I created a VGG16 model using Keras application (TensorFlow backend). Then I wanted to change part of those weights and then test the accuracy of this modified model. To be direct and intuitive, I changed ALL the weights and biases in ALL layers to 0 like this:
model = VGG16(weights='imagenet', include_top=True)
# here is the test data and label containing 10 pictures I created.
data = np.load('./10_random_samples_array.npz')
data, label = data["X"], data["Y"]
# Modify the weights to zero
for z in [1, 2, 4, 5, 7, 8, 9, 11, 12, 13, 15, 16, 17]: # Conv layers
weight_bias = model.layers[z].get_weights()
shape_weight = np.shape(weight_bias[0])
shape_bias = np.shape(weight_bias[1])
weight_bias[0] = np.zeros(shape=(shape_weight[0],shape_weight[1],shape_weight[2],shape_weight[3]))
weight_bias[1] = np.zeros(shape=(shape_bias[0],))
for z in [20,21,22]: # FC layers
weight_bias = model.layers[z].get_weights()
shape_weight = np.shape(weight_bias[0])
print(z, shape_weight)
shape_bias = np.shape(weight_bias[1])
weight_bias[0] = np.zeros(shape=(shape_weight[0],shape_weight[1],))
weight_bias[1] = np.zeros(shape=(shape_bias[0],))
optimizer=optimizers.SGD(lr=1e-4, momentum=0.9),
# To check if the weights have been modified.
loss, acc = model.evaluate(data, label, verbose=1)
Then I got result like this:
[array([[[[0., 0., 0., ..., 0., 0., 0.],
[0., 0., 0., ..., 0., 0., 0.],
[0., 0., 0., ..., 0., 0., 0.]],
...(All zero, I omit them)
[[0., 0., 0., ..., 0., 0., 0.],
[0., 0., 0., ..., 0., 0., 0.],
[0., 0., 0., ..., 0., 0., 0.]]]], dtype=float32),
array([0., 0., 0., 0., 0., 0., 0., 0., 0., 0., 0., 0., 0., 0., 0., 0., 0.,
0., 0., 0., 0., 0., 0., 0., 0., 0., 0., 0., 0., 0., 0., 0., 0., 0.,
0., 0., 0., 0., 0., 0., 0., 0., 0., 0., 0., 0., 0., 0., 0., 0., 0.,
0., 0., 0., 0., 0., 0., 0., 0., 0., 0., 0., 0., 0.], dtype=float32)]
10/10 [==============================] - 2s 196ms/step
Firstly, You can tell that all the weights and biases have already been changed to 0 but the accuracy still stays very high.
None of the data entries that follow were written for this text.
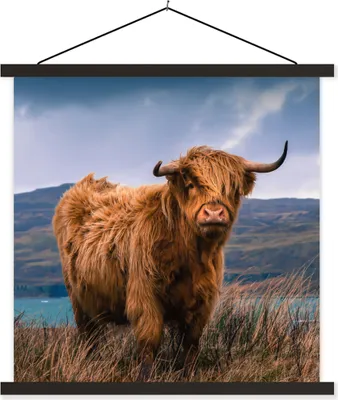 Produktbild von MuchoWow® Textilposter Schottisches Hochlandrind - Berg - Wasser - Natur - Kuh 60x60 cm mit schwarzem Rahmen - Posteraufhänger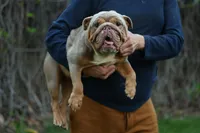 Sandy, a female English Bulldog for sale in Temecula, CA – Photo 3 of 5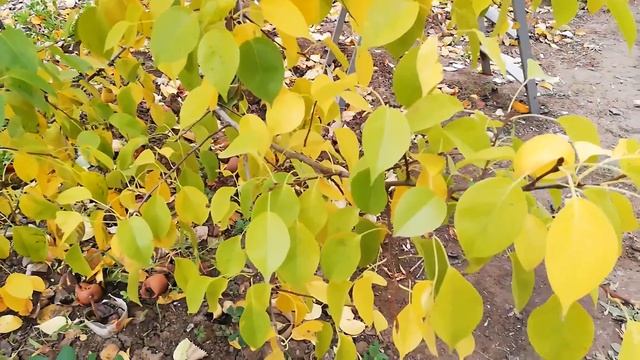 Черенкование Роз ? под бутылкой и с результатом  укоренения ??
That is unreasonable.(The original result returned by model.evaluate() is 0.9993000030517578)
Secondly, I used only 10 pictures as my test dataset. The result must be a decimal with only one digit after the point. But I got 0.9989999532699585.
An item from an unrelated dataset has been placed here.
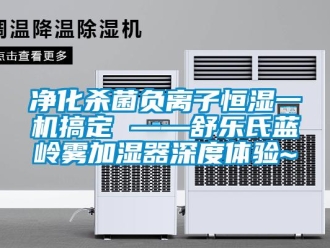 知識(shí)百科凈化殺菌負(fù)離子恒濕一機(jī)搞定 ——舒樂氏藍(lán)嶺霧加濕器深度體驗(yàn)~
I also tried to modify all weights only in Conv1-1 to zero and the result is also 0.9989999532699585. It seems that it is the minimum result. Is there something wrong with my model? Or the weights cannot be modified in this way? Or model.evaluate() doesn't work as I suppose?